RECORDS FOR THIS TASK
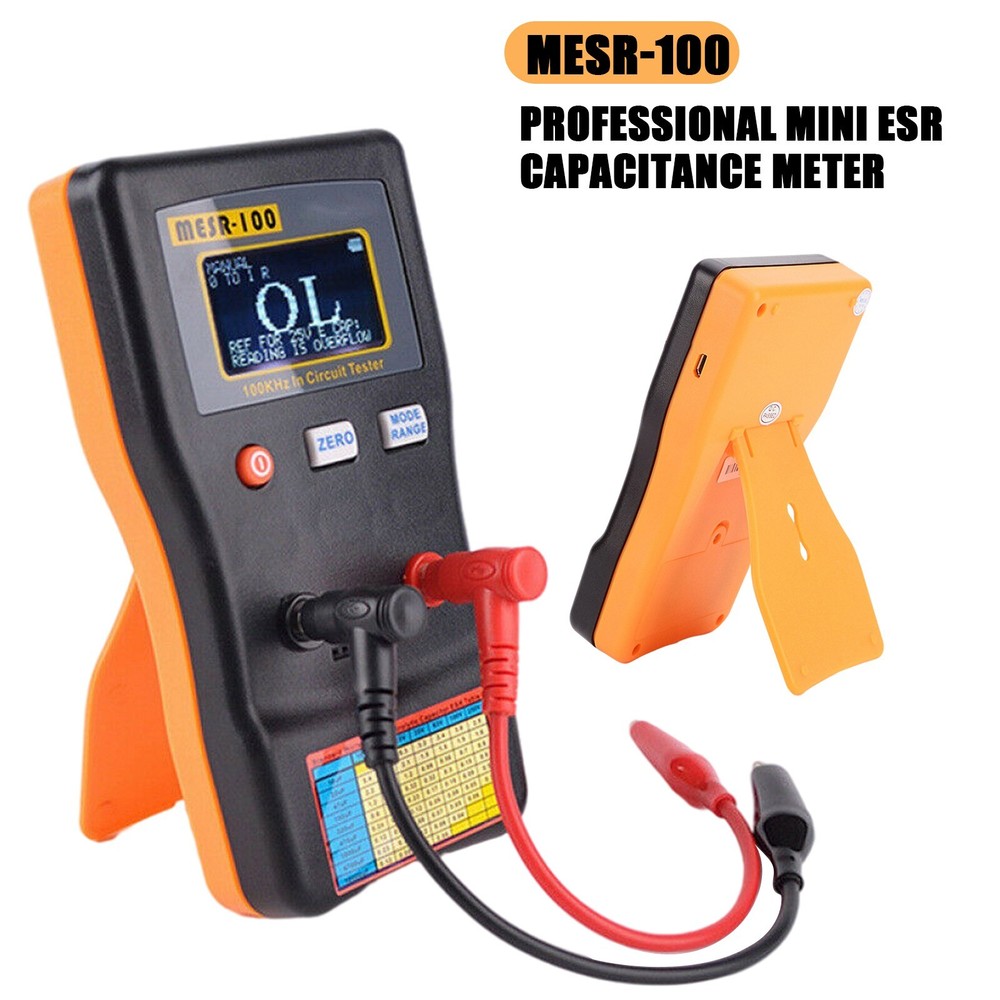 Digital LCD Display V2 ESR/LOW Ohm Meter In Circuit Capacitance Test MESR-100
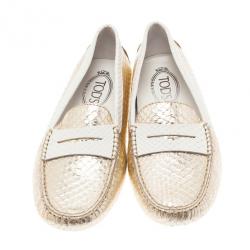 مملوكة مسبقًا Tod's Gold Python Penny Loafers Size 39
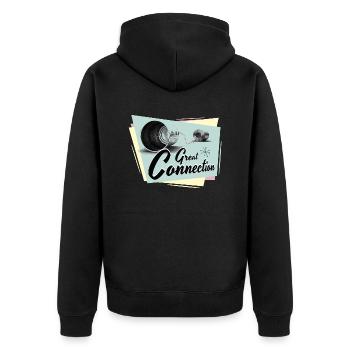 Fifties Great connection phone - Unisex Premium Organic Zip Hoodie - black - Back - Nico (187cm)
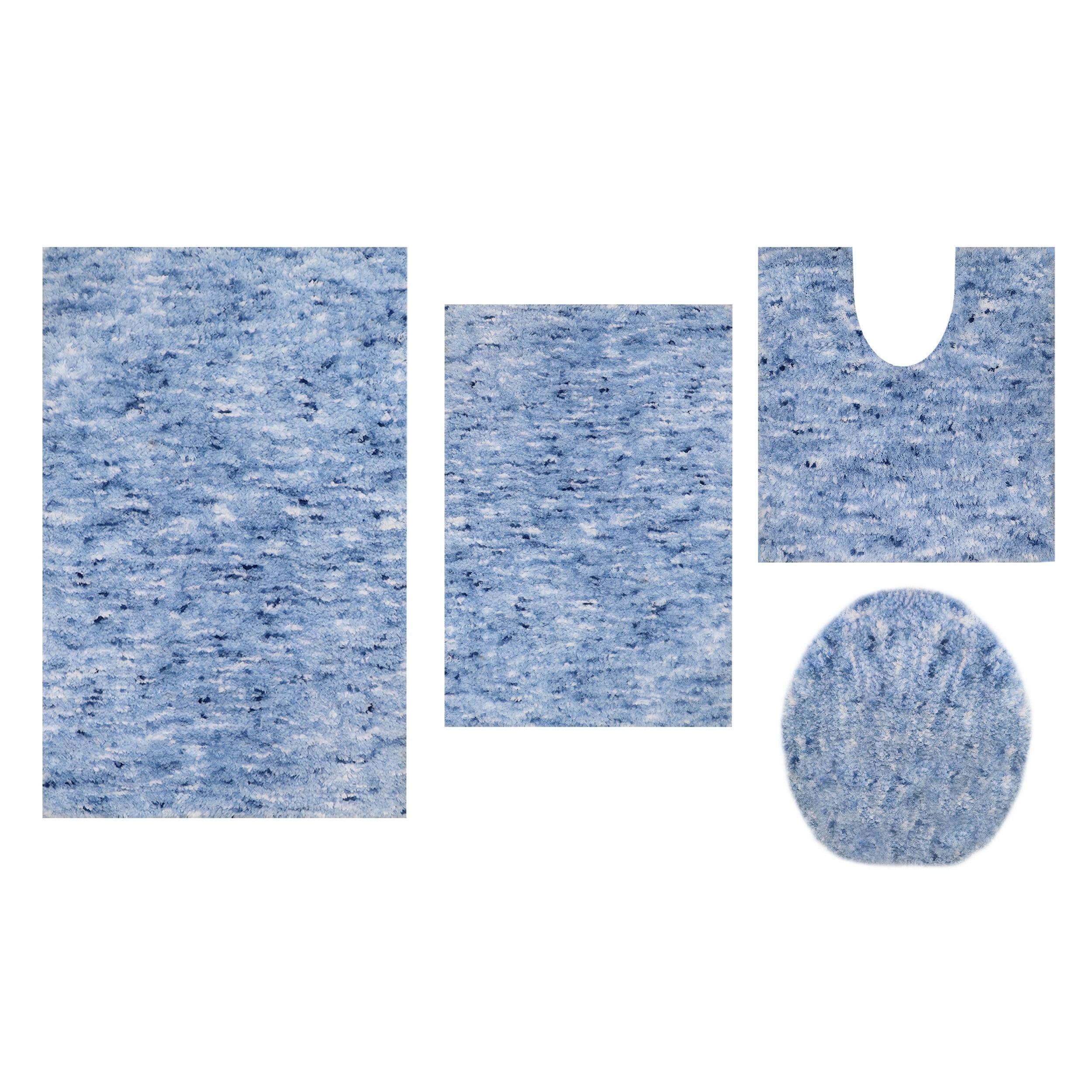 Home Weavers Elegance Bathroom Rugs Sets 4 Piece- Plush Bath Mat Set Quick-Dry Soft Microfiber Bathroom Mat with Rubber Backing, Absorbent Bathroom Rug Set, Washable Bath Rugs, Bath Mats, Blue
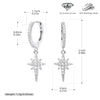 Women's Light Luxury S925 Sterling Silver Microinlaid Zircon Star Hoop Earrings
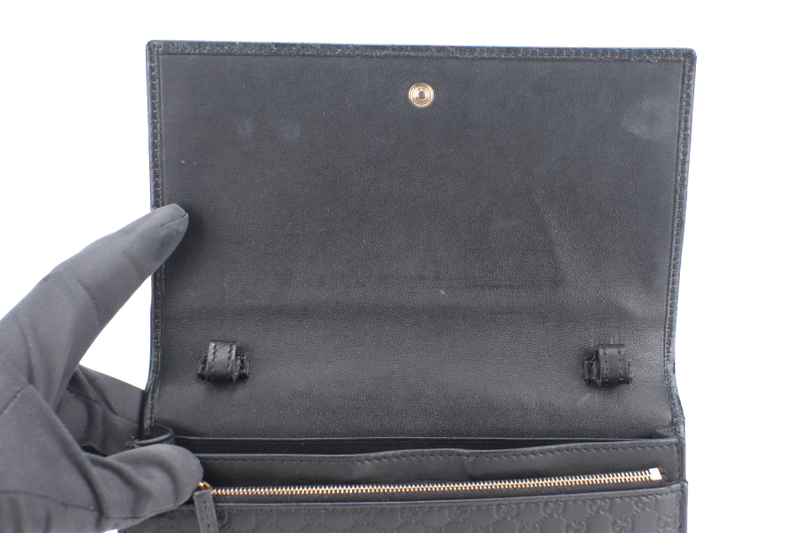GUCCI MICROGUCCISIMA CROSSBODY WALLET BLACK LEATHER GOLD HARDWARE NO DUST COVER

--

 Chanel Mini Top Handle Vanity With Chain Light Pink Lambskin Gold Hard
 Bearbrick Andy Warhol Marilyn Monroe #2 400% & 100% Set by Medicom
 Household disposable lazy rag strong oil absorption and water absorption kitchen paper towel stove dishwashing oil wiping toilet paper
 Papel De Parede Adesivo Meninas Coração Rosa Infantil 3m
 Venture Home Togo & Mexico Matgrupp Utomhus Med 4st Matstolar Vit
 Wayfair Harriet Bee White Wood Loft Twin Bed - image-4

TASK
Please reproduce the lines from the line with "Venture Home Togo" to the line with "Wayfair Harriet Bee", both ends included, exactly as they appear above.

FINISHED TASK
 Venture Home Togo & Mexico Matgrupp Utomhus Med 4st Matstolar Vit
 Wayfair Harriet Bee White Wood Loft Twin Bed - image-4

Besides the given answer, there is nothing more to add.